Please note, however, .gz
and .bz2
(e.g. .xlsx.gz
) are compressed, but not archive format. In those cases, which
is used the same way as the non-compressed format, e.g. selection of sheet for Excel.
For csv and txt files with row names exported from export()
, it may be helpful to specify row.names
as the column of the table which contain row names. See example below.
Plummer, M (2024). Statement on CVE-2024-27322. https://blog.r-project.org/2024/05/10/statement-on-cve-2024-27322/
import_list()
, characterize()
, gather_attrs()
, export()
, convert()
## For demo, a temp. file path is created with the file extension .csv
csv_file <- tempfile(fileext = ".csv")
## .xlsx
xlsx_file <- tempfile(fileext = ".xlsx")
## create CSV to import
export(iris, csv_file)
## specify `format` to override default format: see export()
export(iris, xlsx_file, format = "csv")
## basic
import(csv_file)
## You can certainly import your data with the file name, which is not a variable:
## import("starwars.csv"); import("mtcars.xlsx")
## Override the default format
## import(xlsx_file) # Error, it is actually not an Excel file
import(xlsx_file, format = "csv")
## import CSV as a `data.table`
import(csv_file, setclass = "data.table")
## import CSV as a tibble (or "tbl_df")
import(csv_file, setclass = "tbl_df")
## pass arguments to underlying import function
## data.table::fread is the underlying import function and `nrows` is its argument
import(csv_file, nrows = 20)
## data.table::fread has an argument `data.table` to set the class explicitely to data.table. The
## argument setclass, however, takes precedents over such undocumented features.

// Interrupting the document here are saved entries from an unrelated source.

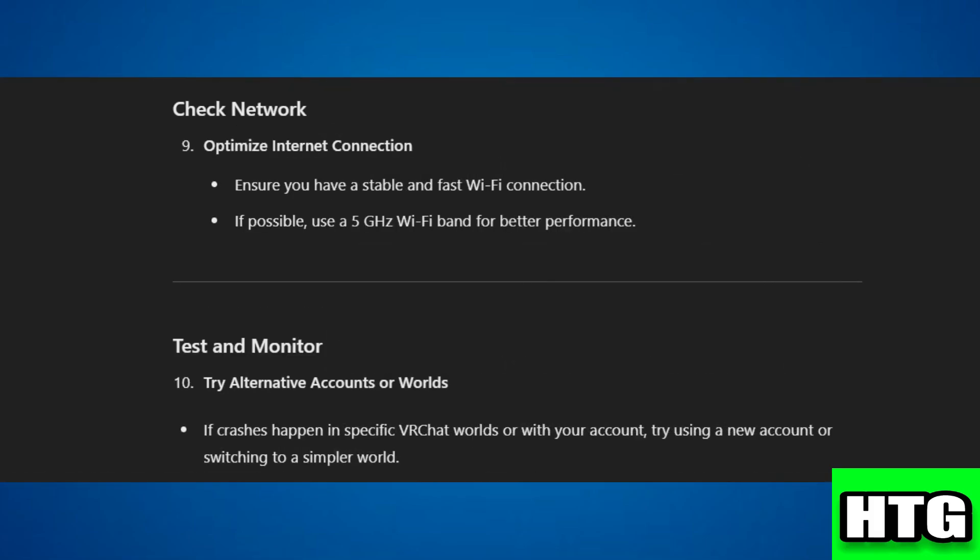Step 5: Check Network. Finally, check your network. Ensure you have a stable and fast Wi-Fi connection. If possible, use a 5 gigahertz Wi-Fi band for better performance.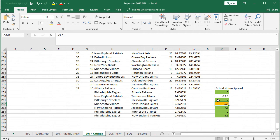In the playoffs using this simple model you would have gone roughly five and one, with the one loss being the Hail Mary game — not too bad. I don't know if we can expect that level of success going forward since this is a pretty simple model, but sometimes a clean simple model is a good starting point. I'm going to keep this updated into the 2018 season and do update videos each week.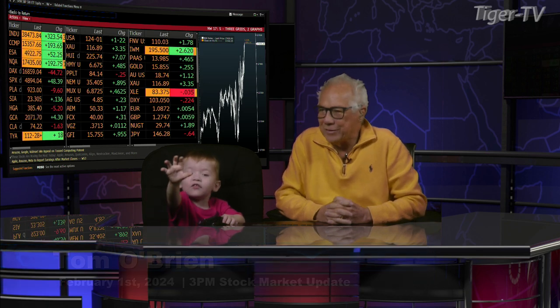One, two, three. Dow. Dow Industrials right now trading up 322. Nasdaq's up 193. S&Ps are up 52.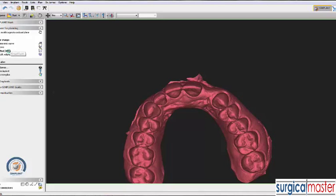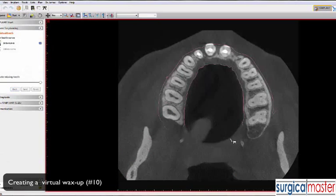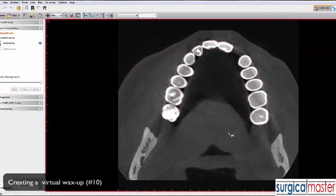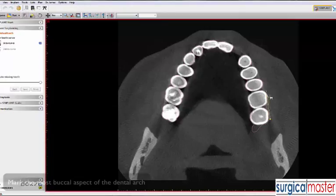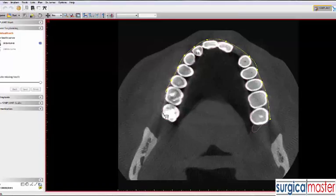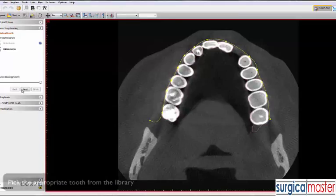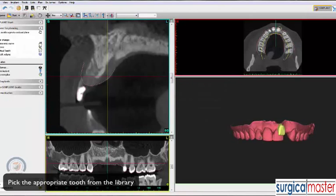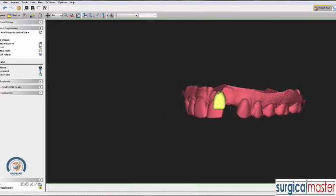The first thing we need to do is create a virtual tooth — a virtual number 10. The software asks us to mark the most buccal aspect of the existing teeth so it can create the right tooth almost in the right position. We create a little arch here, choose the number 10 tooth, and it roughly places it in position. We need to make some adjustments, as the tooth doesn't quite fit there yet.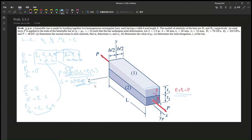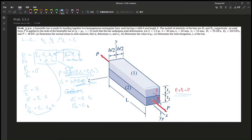Now we have the strain. Stress one equals strain times E1, and stress two equals strain times E2. These help us find the normal stress for Part A. Normal stress one is 13.71 megapascals, and stress two is about 41.14 megapascals.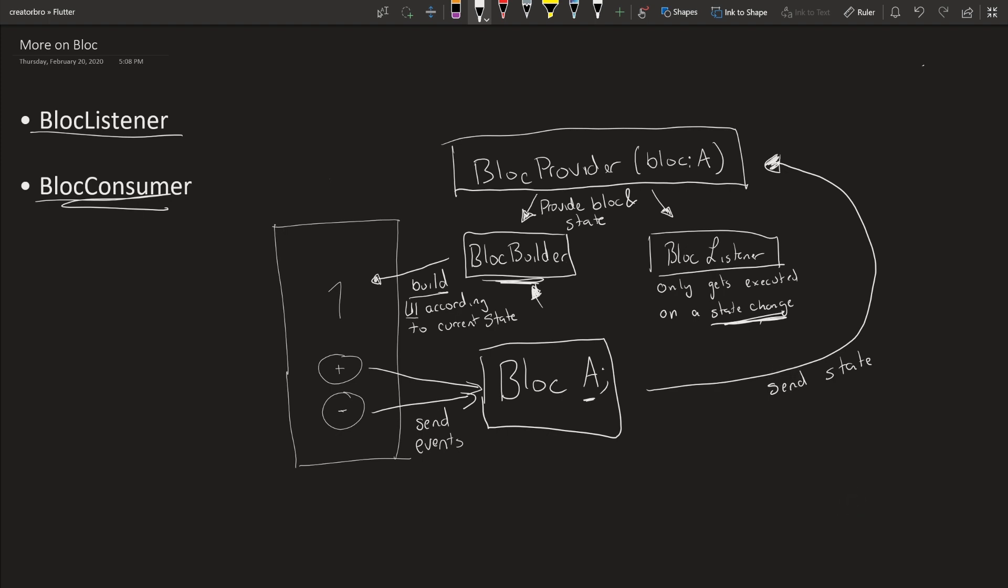Why is that necessary when you have a BlocBuilder? So let's say you want to display a snackbar—you don't want to display it every time the widget is built, you only want to display it every time a state is changed. Or let's say you want to move to a different screen using a navigator—you don't want to go to the different screen every time a widget is built, you want to go every time a state is changed.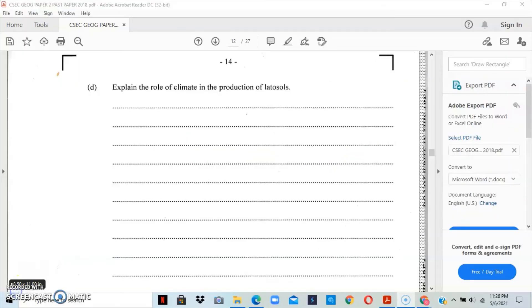Now we're at the end of the video. If you would like to view question 3 of the May/June 2018 past paper, please like, share, and subscribe and turn on your notification bell. Until next time.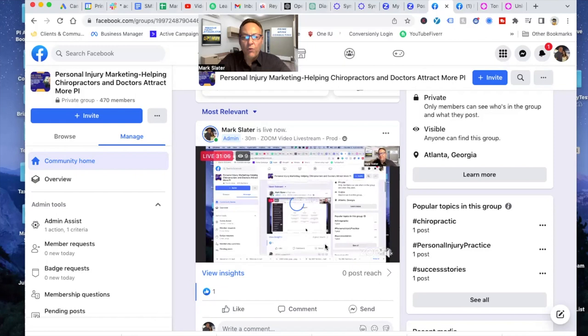And if you want more training on this and you just like this stuff and you want to learn more book a call with me. There's a link. Well, reach out to me on Facebook, right? Just reach out to me, Mark Slater. Hey, let's get on a 15 minute call. I just want to talk to you, Mark. I want to tell you my current situation, what's going on, and I can point you in the right direction.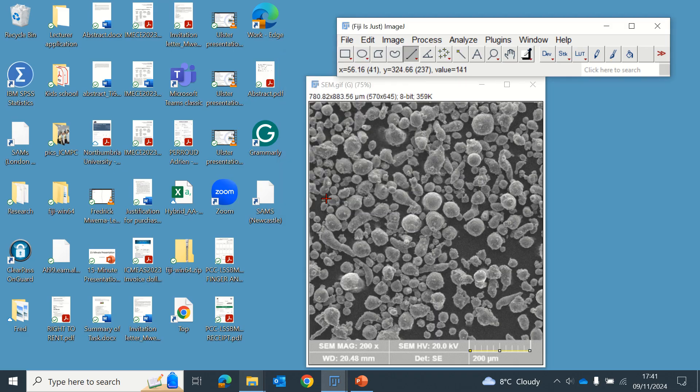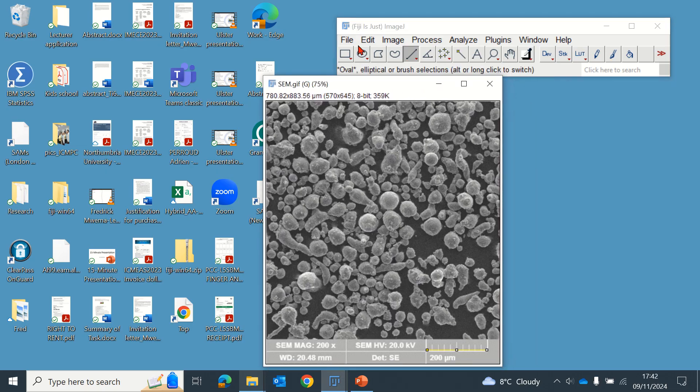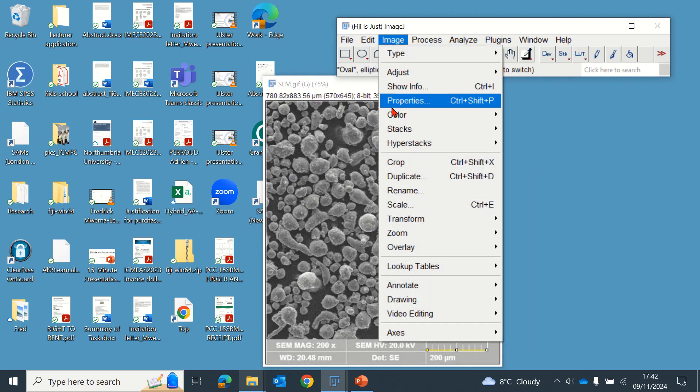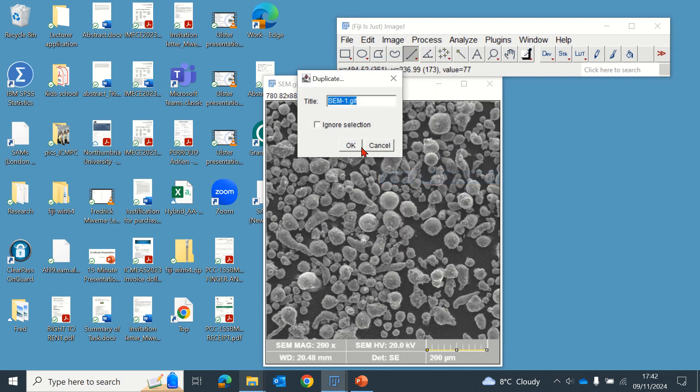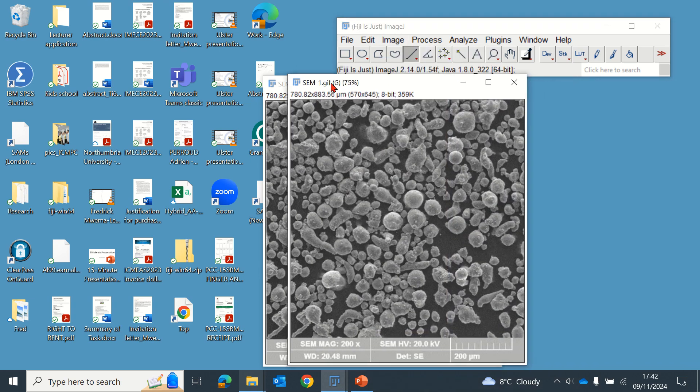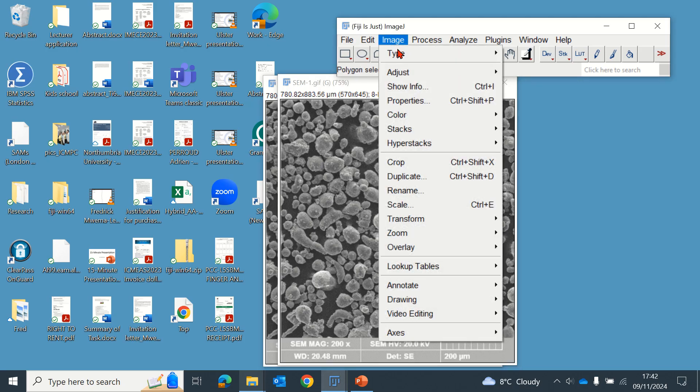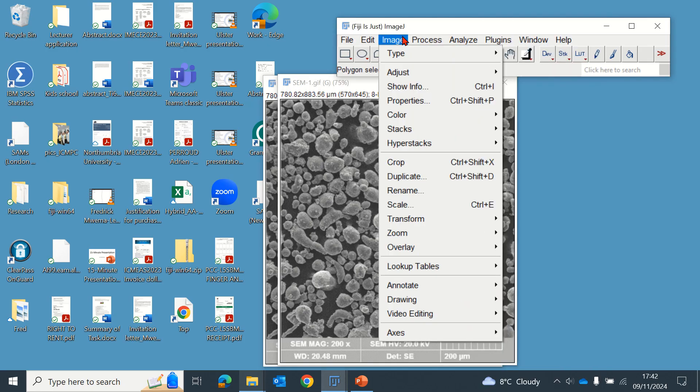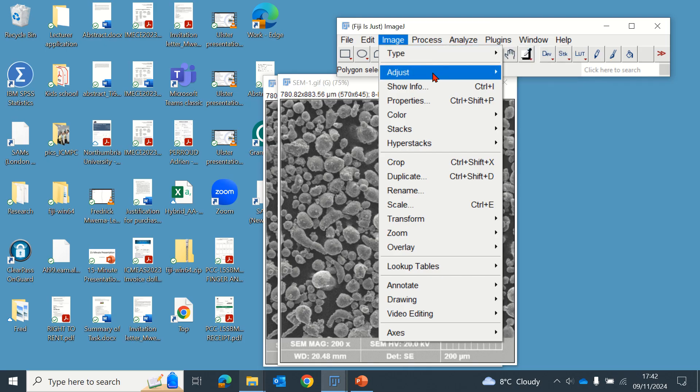Next, I like duplicating the image so that we don't change the original one. If we make a mistake, we can still go back. The next step is to ensure the image is 8-bit.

class(import(csv_file, setclass = "tibble", data.table = TRUE))
## the default import class can be set with options(rio.import.class = "data.table")
## options(rio.import.class = "tibble"), or options(rio.import.class = "arrow")
## Security
rds_file <- tempfile(fileext = ".rds")
export(iris, rds_file)
## You should only import serialized formats from trusted sources
## In this case, you can trust it because it's generated by you.